→ Your assignment:
How does the data below read from its first line through the line containing "Tapis de luxe"? Print those lines exactly.

** Opening Given information block **

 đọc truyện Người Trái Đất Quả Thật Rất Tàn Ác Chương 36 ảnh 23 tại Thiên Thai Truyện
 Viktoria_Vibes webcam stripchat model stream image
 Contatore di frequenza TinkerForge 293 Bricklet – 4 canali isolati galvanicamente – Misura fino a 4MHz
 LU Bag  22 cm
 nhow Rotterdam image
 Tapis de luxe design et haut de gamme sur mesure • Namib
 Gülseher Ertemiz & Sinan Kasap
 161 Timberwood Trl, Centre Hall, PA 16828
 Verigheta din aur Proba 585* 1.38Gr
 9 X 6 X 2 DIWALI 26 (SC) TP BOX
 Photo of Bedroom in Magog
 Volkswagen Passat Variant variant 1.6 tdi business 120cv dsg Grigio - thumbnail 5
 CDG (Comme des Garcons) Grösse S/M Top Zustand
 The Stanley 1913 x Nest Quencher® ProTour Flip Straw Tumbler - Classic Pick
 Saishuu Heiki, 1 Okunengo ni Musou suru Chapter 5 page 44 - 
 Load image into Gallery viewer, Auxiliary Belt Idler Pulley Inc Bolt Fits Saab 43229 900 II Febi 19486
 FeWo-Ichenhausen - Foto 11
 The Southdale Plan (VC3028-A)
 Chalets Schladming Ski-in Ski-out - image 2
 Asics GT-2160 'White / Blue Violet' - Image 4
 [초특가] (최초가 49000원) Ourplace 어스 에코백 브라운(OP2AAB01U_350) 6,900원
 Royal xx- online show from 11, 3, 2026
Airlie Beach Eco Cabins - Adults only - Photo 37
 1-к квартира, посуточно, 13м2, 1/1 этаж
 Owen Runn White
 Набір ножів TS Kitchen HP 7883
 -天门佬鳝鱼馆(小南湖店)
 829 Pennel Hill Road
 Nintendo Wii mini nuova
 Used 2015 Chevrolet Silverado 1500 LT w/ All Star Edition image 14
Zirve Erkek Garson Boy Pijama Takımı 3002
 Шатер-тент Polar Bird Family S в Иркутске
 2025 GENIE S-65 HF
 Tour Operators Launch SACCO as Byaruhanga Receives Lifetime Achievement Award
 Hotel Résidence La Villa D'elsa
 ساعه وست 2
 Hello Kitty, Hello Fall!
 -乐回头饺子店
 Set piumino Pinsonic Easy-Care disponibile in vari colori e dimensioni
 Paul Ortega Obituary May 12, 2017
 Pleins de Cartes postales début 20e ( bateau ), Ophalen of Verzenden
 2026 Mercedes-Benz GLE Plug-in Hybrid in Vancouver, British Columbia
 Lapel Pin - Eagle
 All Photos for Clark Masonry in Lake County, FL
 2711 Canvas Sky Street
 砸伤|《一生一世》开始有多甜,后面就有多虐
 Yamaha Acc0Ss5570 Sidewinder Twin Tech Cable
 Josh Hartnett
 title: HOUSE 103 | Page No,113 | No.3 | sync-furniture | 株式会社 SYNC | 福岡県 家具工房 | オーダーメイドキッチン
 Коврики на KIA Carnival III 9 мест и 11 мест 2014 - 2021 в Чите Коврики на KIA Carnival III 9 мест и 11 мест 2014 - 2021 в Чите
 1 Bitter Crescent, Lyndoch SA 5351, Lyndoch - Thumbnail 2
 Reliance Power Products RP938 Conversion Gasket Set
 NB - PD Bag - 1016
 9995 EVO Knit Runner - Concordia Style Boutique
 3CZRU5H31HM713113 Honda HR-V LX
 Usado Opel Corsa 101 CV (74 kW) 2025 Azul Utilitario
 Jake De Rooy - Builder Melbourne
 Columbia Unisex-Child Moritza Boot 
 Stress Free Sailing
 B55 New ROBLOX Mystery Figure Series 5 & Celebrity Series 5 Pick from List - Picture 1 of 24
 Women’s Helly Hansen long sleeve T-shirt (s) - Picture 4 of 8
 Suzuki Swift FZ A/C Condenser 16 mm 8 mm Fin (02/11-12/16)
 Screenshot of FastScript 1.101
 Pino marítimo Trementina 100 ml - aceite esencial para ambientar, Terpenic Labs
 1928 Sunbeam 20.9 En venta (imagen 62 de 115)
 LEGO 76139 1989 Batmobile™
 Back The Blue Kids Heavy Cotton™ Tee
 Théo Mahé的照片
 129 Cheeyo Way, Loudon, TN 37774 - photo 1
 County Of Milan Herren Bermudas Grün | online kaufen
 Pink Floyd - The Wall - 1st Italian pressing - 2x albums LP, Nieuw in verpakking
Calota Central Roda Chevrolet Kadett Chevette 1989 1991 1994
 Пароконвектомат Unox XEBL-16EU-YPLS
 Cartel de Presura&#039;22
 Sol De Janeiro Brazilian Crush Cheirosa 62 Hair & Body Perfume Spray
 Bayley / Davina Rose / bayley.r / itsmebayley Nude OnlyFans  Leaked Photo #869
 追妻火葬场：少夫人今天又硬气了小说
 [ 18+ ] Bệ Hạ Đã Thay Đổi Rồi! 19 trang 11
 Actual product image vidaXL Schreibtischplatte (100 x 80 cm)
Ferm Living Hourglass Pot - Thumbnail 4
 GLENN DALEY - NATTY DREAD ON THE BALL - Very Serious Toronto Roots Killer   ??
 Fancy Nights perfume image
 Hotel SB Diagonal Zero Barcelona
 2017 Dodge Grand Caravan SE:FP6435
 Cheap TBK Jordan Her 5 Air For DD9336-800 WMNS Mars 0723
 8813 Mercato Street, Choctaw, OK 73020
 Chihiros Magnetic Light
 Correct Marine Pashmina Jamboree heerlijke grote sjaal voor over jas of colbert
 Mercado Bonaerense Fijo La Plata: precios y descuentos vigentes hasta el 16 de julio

** Closing Given information block **

→ Output:
 đọc truyện Người Trái Đất Quả Thật Rất Tàn Ác Chương 36 ảnh 23 tại Thiên Thai Truyện
 Viktoria_Vibes webcam stripchat model stream image
 Contatore di frequenza TinkerForge 293 Bricklet – 4 canali isolati galvanicamente – Misura fino a 4MHz
 LU Bag  22 cm
 nhow Rotterdam image
 Tapis de luxe design et haut de gamme sur mesure • Namib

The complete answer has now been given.